EXERCISE BRIEF - Would you print the listing that follows exactly, but without its pictures?

INPUT DATA -
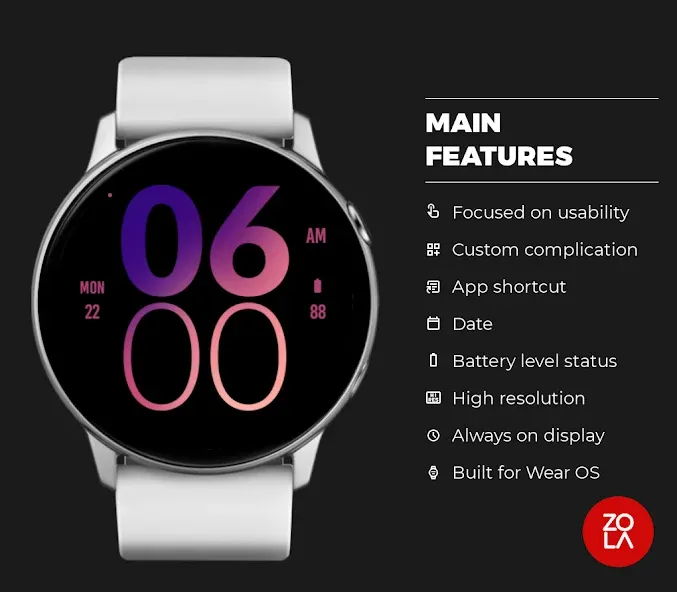 Plum Large Watch Face screenshot 2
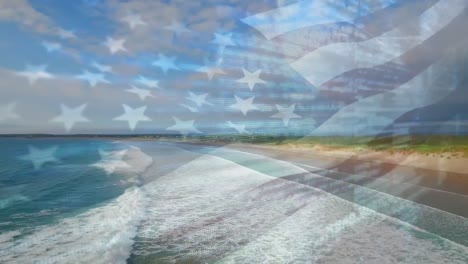 animación de la bandera estadounidense ondeando sobre una playa soleada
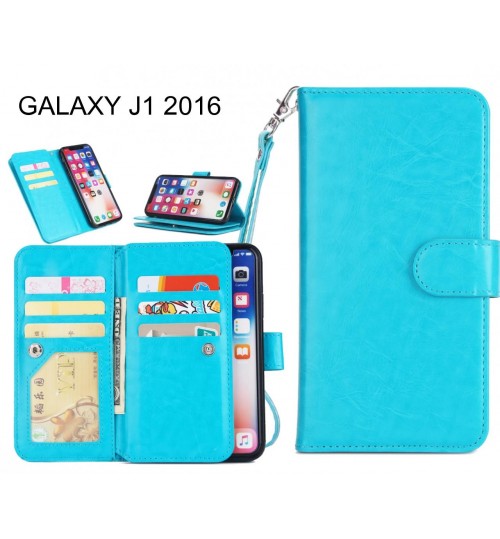 Galaxy J1 2016 Case Triple Wallet Leather Case 9 Card Slots - Blue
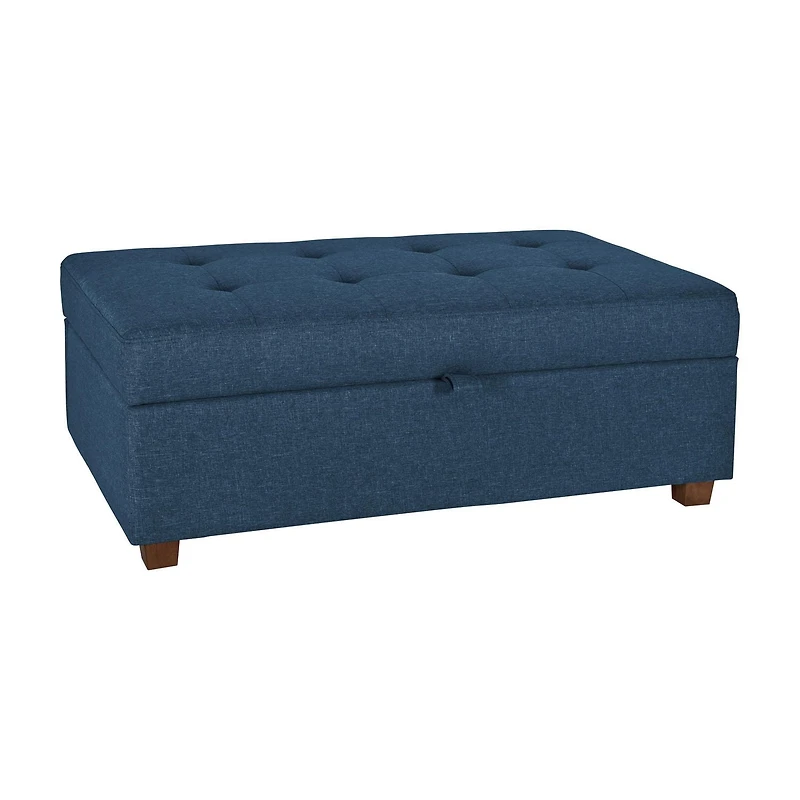 CorLiving Aubin Large Fabric Tufted Ottoman with Storage and Wood Legs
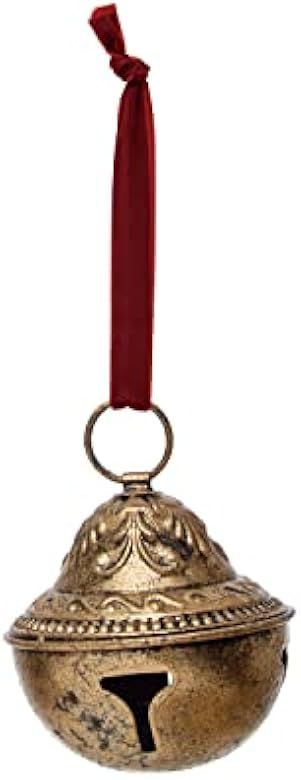 Creative Co-Op Embossed Metal Sleigh Bell with Velvet Ribbon, Gold | Amazon (CA)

RESULT OF THE EXERCISE -
 Plum Large Watch Face screenshot 2
 animación de la bandera estadounidense ondeando sobre una playa soleada
 Galaxy J1 2016 Case Triple Wallet Leather Case 9 Card Slots - Blue
 CorLiving Aubin Large Fabric Tufted Ottoman with Storage and Wood Legs
 Creative Co-Op Embossed Metal Sleigh Bell with Velvet Ribbon, Gold | Amazon (CA)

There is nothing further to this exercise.